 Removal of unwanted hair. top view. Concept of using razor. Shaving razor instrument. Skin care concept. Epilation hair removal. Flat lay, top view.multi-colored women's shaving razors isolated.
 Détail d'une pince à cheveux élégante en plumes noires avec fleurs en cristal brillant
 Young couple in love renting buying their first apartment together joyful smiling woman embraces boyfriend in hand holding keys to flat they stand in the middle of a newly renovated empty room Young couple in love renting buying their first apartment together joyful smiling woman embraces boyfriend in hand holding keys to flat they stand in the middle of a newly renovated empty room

^^^^^^^^^^^^^^^^

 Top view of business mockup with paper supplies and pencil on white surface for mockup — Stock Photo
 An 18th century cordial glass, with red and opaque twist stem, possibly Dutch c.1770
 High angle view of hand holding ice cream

^^^^^^^^^^^^^^^^

### Your objective
Could you find each line in the entries that contains the string "with" and copy it?

### Reply to the exercise
 Top view of business mockup with paper supplies and pencil on white surface for mockup — Stock Photo
 An 18th century cordial glass, with red and opaque twist stem, possibly Dutch c.1770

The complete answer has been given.